Ben daha bir önceki yazımda metro istasyonlarına olan sempatimi dile getirmişken Atasü’nün “Tekdüze devinim, tekdüze uğultu, hızla geçen metal, uğursuz bir rüzgâr ve havasızlıktan oluşur metro. Yer altında CO ve CO2 soluyan dev bir makinedir.” (s.44) tanımını okuduktan sonra kendimi metroya taraf olmuşken bulduğumu itiraf etmeliyim. Gerek tanımda kullanılan kelimelerin sahip olduğu olumsuz duyumsal çağrışımlar gerekse Atasü’nün yer verdiği kişileştirme; bu çıkarımı okuru için çok daha kabullenilebilir kılmıştır. Yer verdiği eleştirileri öylesine doğru çıkış noktalarından sunuyor ki Atasü okuruna; Nazi Almanya’sı ve kendi memleketi arasında uçurumların olduğuna inanan okuruna bile, aslında durumun çok da gözüken gibi olmadığını kabul ettiriyor. Gidip kalma ikilemini yaşarken kadın karakterimiz “Bu ülkede kalıp her şeyi ezip geçmiş korkunç bir baskının anısını mı seçseydi; vatanına dönüp kâh hafifleyen kâh şiddetlenen ama hiç kalkmayan baskıyı mı?” (s.42) diyerek Atasü, okuruna direkt “bu memlekette baskı her zaman var” demektense yer verdiği karşılaştırmayla, onun bu sonuca kendiliğinden varmasını sağlıyor.
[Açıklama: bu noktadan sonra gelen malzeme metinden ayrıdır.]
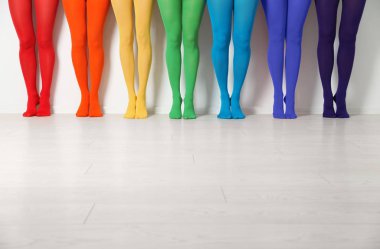 Beyaz duvarın yanında renkli tayt giyen kadınlar, yakın plan.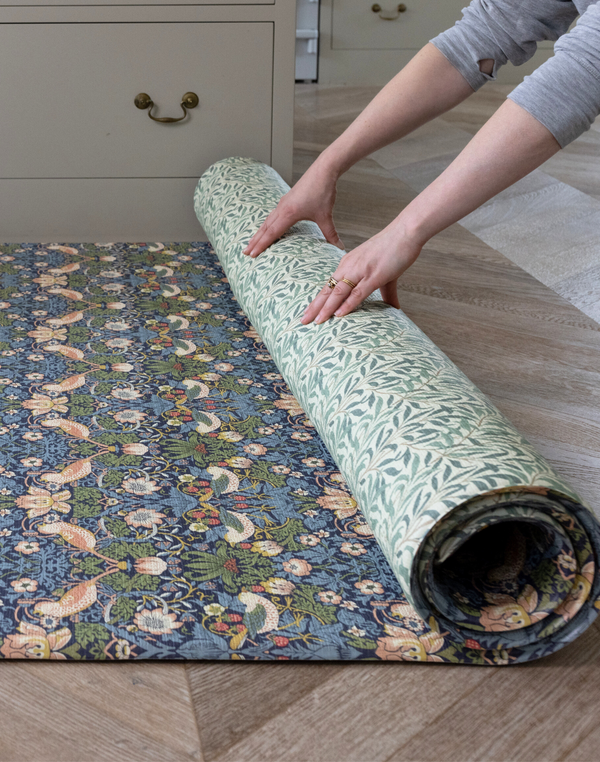 Unrolling double sided play mat with Strawberry Thief and Willow Boughs designs both from William Morris archive simple to flip from one side to the other perfect play mat for family homes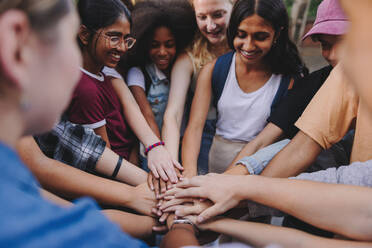 Generation Z youngsters smiling happily while putting their hands together in a huddle. Group of multicultural teenagers uiting at school event - JLPSF08853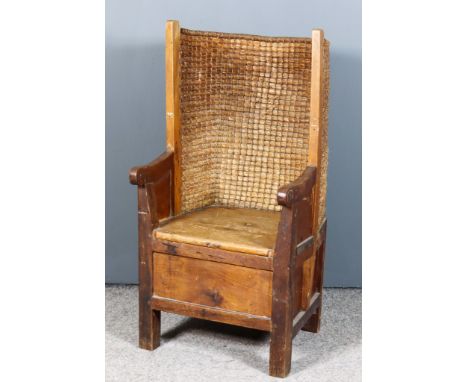 A Late 19th Century Child's Pine Framed Orkney Armchair, with plaited oat straw curved back, wood seat with scroll arm termin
Hemen hemen bütün çatışmalarda benzer üsluplar takınan Atasü, öykünün ana karakterine bu sorgulamaların sonunda Münih’te kalmayı seçtirerek; okurunu, kendi kişisel sorgulama sürecinde yalnız bırakıyor. Son olarak, son satıra dek “dönebilecek” hissi veren bu kadının “İnsanın gücü korumaya yetmez, yeniden başlamaya yeter ancak” (s. 49) diyerek Münih’te kalmayı seçmesi, “yeniden başlama” ihtimalini belki de şimdiye dek hiç düşünmemiş okurunun sorgulama sürecini daha da derinleştiriyor. Böyle bir son yazarak Münih’e yağdırdığı yağmurunu durdurken Atasü, okurunun, kuru kalmaya alışmış olan kaldırımları çoktan ıslanmış oluyor.
Kaynakça:
Atasü,Erendiz. Onunla Güzeldim. Ankara: Bilgi Yayınevi, 1997.